Altri elementi positivi per il mercato italiano sono dovuti al brusco, quanto necessario, deprezzamento del petrolio. La scelta dei paesi produttori, in testa a tutti l’Arabia Saudita, di far scendere il costo del barile intorno ai 50 dollari per contrastare incisivamente il mercato americano dello shale oil e shale gas si proietta molto positivamente sulla nostra bilancia commerciale, considerando che importiamo circa il 90% delle materie prime energetiche. Altro fattore significativo è la discesa del valore dell’Euro rispetto al dollaro, oggi tra l’1.11 e l’1.12 rispetto ad una quotazione negli anni scorsi che oscillava costantemente oltre l’1.40. Un elemento in grado di favorire le esportazioni extra UE, come dimostra il forte successo dell’export Italiano registrato dall’ottobre scorso ad oggi. Conviene ricordare come gli stessi paesi europei, non dell’area euro, attraverso una politica di svalutazione delle proprie monete nazionali tra il 2011 e il 2012, sono tornate a livelli di competitività e ad una soglia di inflazione del 2%, si pensi alla Polonia, alla Svezia, alla Danimarca.
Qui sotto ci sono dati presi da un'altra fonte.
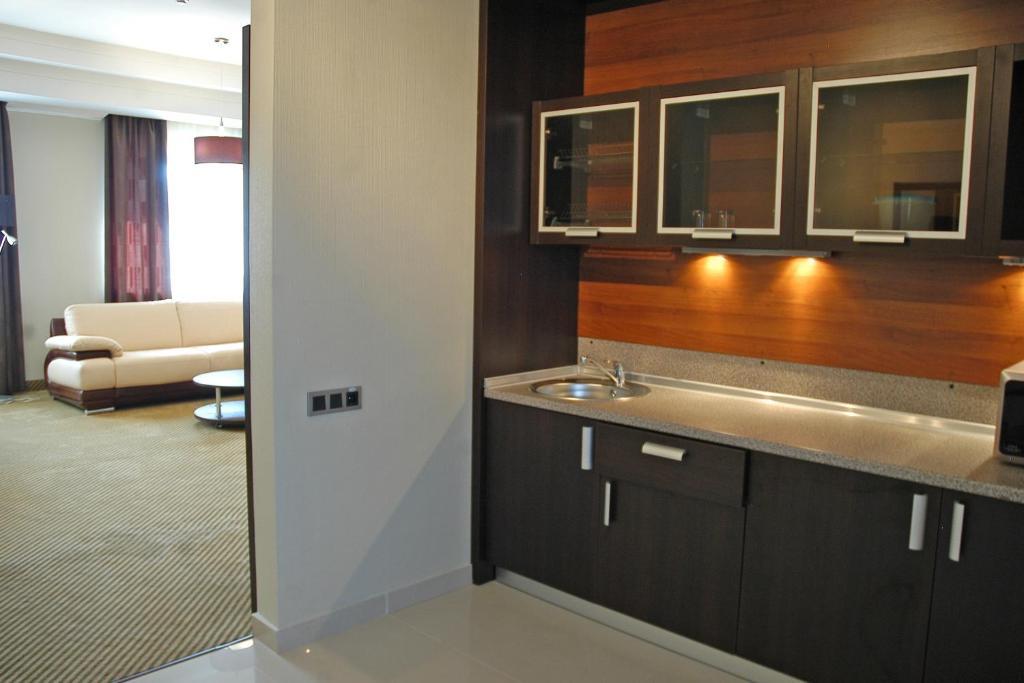 Hotel Westa Minsk Rum bild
Questi sono gli architravi esterni sui quali poggia il rilancio produttivo italiano, ad essi andrebbero combinate scelte selettive, rigorose e di grande modernità del nostro sistema socioeconomico. Il Job Act potrebbe influire per le medie e medio-piccole imprese come una sorta di effetto miraggio, in altri termini il segnale lungamente atteso del superamento di una sclerosi delle norme sul lavoro che tanto ha pesato in negativo sulla produttività italiana. Essere riusciti a rompere un tabù, nel bene e nel male a seconda dei punti di vista, potrebbe infondere nuovo spirito propulsivo, attese positive e speranze in una modesta classe imprenditoriale rincantucciata da decenni nelle più diverse forme di assistenzialismo pubblico, incapace di agire con decisione sull’economia, di investire risorse significative, altresì sfrontata nel trasferire capitali o imprese all’estero, uno sport nel quale gli italiani hanno sempre primeggiato, arricchendosi in modo improprio, sottraendo al fisco centinaia di miliardi di euro e gravando sulla parte più fragile della società, in un sistema sempre più iniquo, capace di bruciare lavoro anziché produrlo.
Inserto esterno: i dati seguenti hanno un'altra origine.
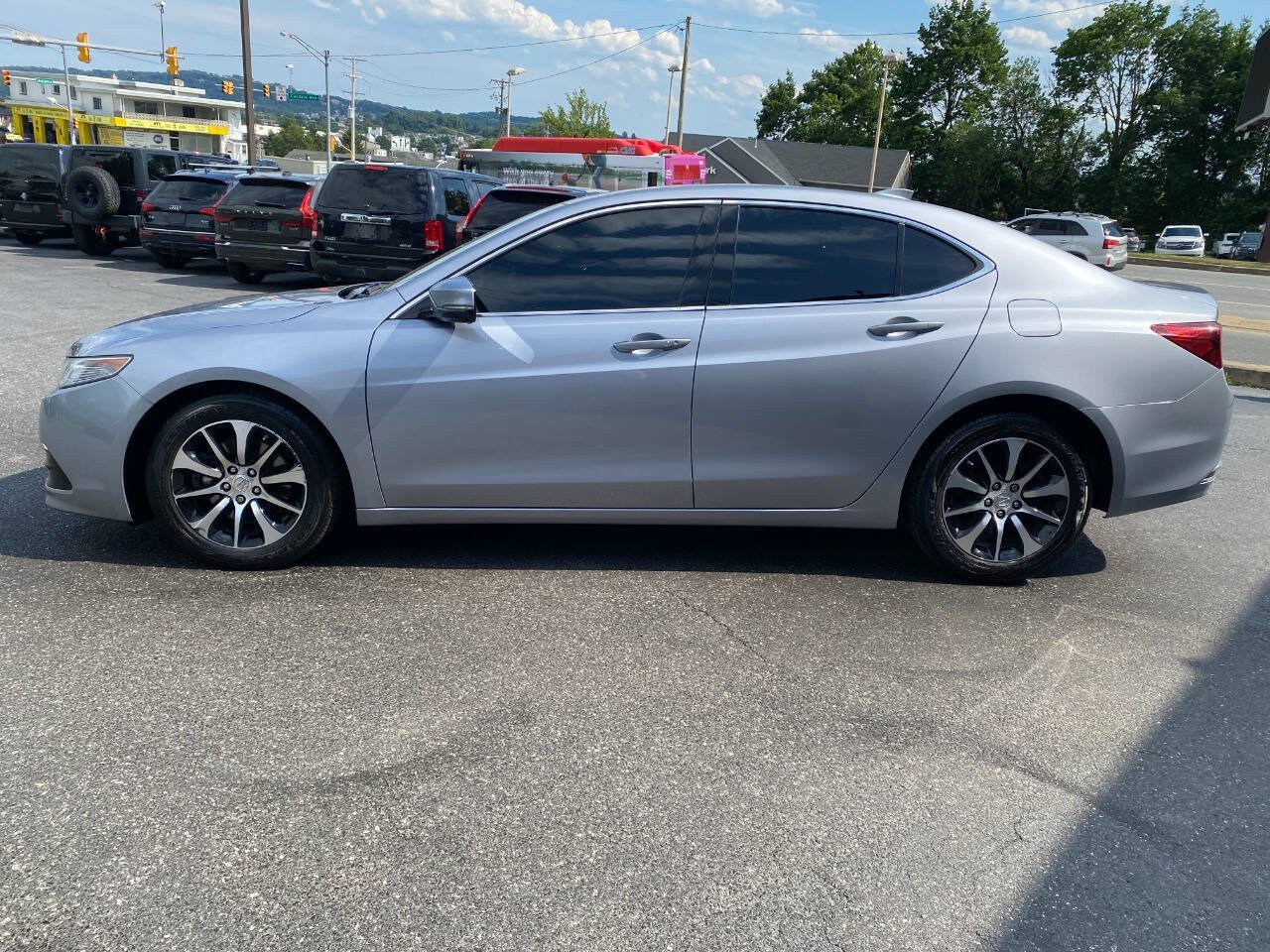 Used 2015 Acura TLX w/ Technology Package FWD image 6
Gli accordi recenti in tema fiscale, con la Svizzera, il Principato di Monaco e il Liechtenstein dovrebbero porre un argine alla fuga dei capitali. Non ci illudiamo che il bilancio dello Stato possa recuperare i miliardi di euro valutati di volta in volta dall’agenzia delle Entrate, dall’istat o dalla Corte dei Conti. Basterebbe tuttavia che una parte considerevole di queste risorse economiche fosse realmente investita in Italia, ciò assicurerebbe un balzo in avanti dell’economia reale, una migliore redditività rispetto alla mera finanza, la possibilità di tornare a competere per settori industriali maturi di cui l’Italia mantiene una qualche competenza. Si ricordi a questo proposito la parabola del gruppo FIAT, tornato ad assumere lavoratori nelle fabbriche Italiane perché finalmente in grado di offrire al mercato dell’auto modelli realmente competitivi.
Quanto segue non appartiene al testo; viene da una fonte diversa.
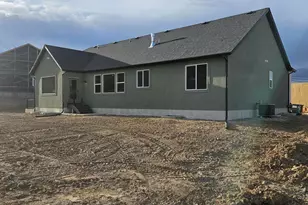 1374 N 1250 E, Logan, UT 84321 - Photo 3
Vogliamo e dobbiamo essere ottimisti con il coraggio e l’incisività di chi vuole voltare pagina, una volta per tutte, lasciarsi alle spalle le macerie di un’Italia di lobby, di potentati e di privilegi per spendere le risorse migliori dei giovani in un clima di fiducia, di equità, di solidale coinvolgimento. Sprecare anche l’ultima occasione varrebbe il sicuro naufragio dell’Italia: lo scenario catastrofico di un default che non ha precedenti nella storia unitaria del nostro Paese ma che possiamo rileggere con nitida efficacia attraverso gli avvenimenti di due secoli dalla metà del ‘500 all’età napoleonica.
I tenui colori dell’aurora boreale tingono di speranza questo passaggio, sta alla politica e a tutti noi cittadini saper cogliere questa luminosità e farne tesoro per il giorno che ci attende e che vogliamo.